GOAL OF THE EXERCISE
Search the material for "Used" and show all lines that contain it.

SUPPLIED RECORDS
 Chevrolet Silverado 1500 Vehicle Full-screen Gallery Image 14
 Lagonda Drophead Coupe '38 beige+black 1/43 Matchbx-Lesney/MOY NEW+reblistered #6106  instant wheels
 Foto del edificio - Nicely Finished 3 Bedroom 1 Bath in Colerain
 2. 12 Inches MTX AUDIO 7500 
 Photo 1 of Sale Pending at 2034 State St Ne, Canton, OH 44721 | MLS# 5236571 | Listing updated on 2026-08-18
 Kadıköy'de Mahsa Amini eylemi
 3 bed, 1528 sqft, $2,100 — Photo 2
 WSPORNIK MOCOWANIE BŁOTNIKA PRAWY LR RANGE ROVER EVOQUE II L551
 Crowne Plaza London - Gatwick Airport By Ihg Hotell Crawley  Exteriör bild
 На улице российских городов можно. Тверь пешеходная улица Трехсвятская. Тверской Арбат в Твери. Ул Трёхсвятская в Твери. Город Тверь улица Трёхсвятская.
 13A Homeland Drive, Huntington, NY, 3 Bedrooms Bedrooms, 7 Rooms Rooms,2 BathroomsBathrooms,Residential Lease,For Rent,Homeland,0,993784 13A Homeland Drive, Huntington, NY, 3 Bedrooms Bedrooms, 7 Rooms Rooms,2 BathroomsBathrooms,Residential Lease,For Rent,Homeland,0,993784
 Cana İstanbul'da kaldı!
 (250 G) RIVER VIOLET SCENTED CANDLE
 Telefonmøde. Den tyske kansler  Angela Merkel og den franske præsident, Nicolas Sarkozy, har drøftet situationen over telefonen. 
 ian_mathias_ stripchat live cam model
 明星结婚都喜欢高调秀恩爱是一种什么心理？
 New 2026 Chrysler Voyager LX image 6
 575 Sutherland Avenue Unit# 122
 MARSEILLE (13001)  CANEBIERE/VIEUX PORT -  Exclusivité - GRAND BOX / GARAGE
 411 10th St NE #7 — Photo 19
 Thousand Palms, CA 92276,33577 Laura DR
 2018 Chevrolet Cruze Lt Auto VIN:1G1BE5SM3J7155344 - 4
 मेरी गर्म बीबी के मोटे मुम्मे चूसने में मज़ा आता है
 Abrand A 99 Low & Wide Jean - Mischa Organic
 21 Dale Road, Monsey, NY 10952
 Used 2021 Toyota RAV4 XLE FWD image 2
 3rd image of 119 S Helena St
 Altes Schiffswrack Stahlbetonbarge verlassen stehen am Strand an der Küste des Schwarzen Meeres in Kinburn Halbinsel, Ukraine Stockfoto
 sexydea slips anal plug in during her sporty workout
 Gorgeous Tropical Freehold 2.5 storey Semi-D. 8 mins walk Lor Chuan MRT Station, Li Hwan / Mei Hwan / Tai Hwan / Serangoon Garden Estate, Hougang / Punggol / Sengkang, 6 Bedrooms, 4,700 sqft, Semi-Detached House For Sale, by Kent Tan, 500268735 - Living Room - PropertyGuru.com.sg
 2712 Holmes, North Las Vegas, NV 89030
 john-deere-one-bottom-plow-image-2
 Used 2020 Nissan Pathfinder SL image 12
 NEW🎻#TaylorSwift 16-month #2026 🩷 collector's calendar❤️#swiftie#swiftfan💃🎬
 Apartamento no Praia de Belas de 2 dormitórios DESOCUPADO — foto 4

EXERCISE OUTPUT
 Used 2021 Toyota RAV4 XLE FWD image 2
 Used 2020 Nissan Pathfinder SL image 12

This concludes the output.